Crust pizza franchisee heads to court for alleged staff underpayment

Credit: Crust Gourmet Pizza bar

Legal action has commenced against a Melbourne franchisee of Crust Gourmet Pizza Bar for allegedly short-changing seven workers a total of $35,725.

The claim was brought against the Cheltenham Crust outlet, owned by Desire Food Pty Ltd, and company director and part-owner Chern Ming 'Rick' Lee, after an employee contacted the Fair Work Ombudsman for help.

After an investigation, the inspectors allege that this employee was underpaid a total of $30,416 over a three year period running from October 2013 to May 2016 due failing to pay minimum ordinary hourly rates, casual loadings, annual leave entitlements, a special clothing allowance and penalty rates.

The investigation also revealed several other alleged breaches of workplace law involving six other employees, and involved underpayments ranging from $20 to $2,481 between May and August 2017. 

When asked to provide documentation, the Fair Work Ombudsman alleges that Desire Food and Lee provided inspectors with false and misleading records that showed employees had been paid higher rates than they actually had.

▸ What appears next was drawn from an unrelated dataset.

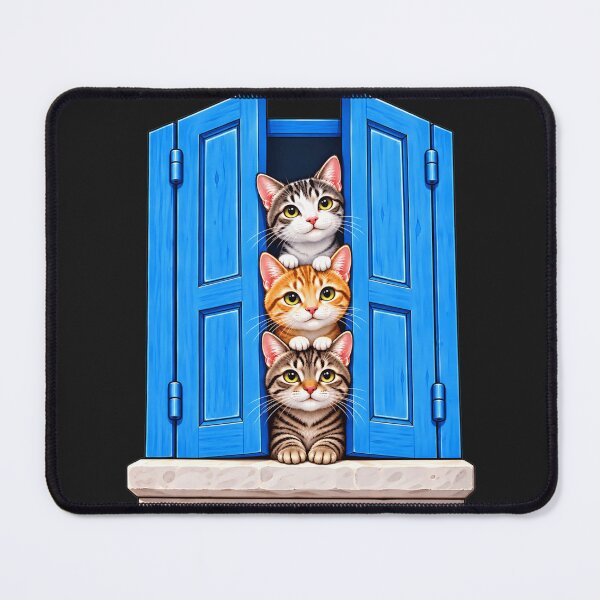Item preview, Three Cute Cats in a Blue Window – Adorable Kittens Illustration designed and sold by ArtSpark Studio.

The workers had been employed as either delivery drivers or pizza makers, and three were living in Australia on student visas.

“The Fair Work Ombudsman has taken a fast food franchisee to court today because we have a strong focus on protecting the workplace rights of vulnerable workers in Australia," said Fair Work Ombudsman Sandra Parker.

“We are conscious that age, language and cultural barriers, a lack of awareness about workplace entitlements and a reluctance to complain can create difficulties for some workers.

“More broadly, it is a priority for the Fair Work Ombudsman to ensure that fast food, restaurant and cafe workers receive their correct wages and entitlements.

“Improving workplace compliance across the sector will help to eliminate the unfair competitive advantage gained by employers who underpay staff.“

If found in breach of Australian workplace law, Desire Food faces penalties of up to $63,000 per contravention while Lee faces penalties of up to $12,600 per contravention.

The Fair Work Ombudsmam is also seeking court orders for Desire Food to commission and report on an audit of its compliance with workplace laws, and undertake workplace relations training for managers.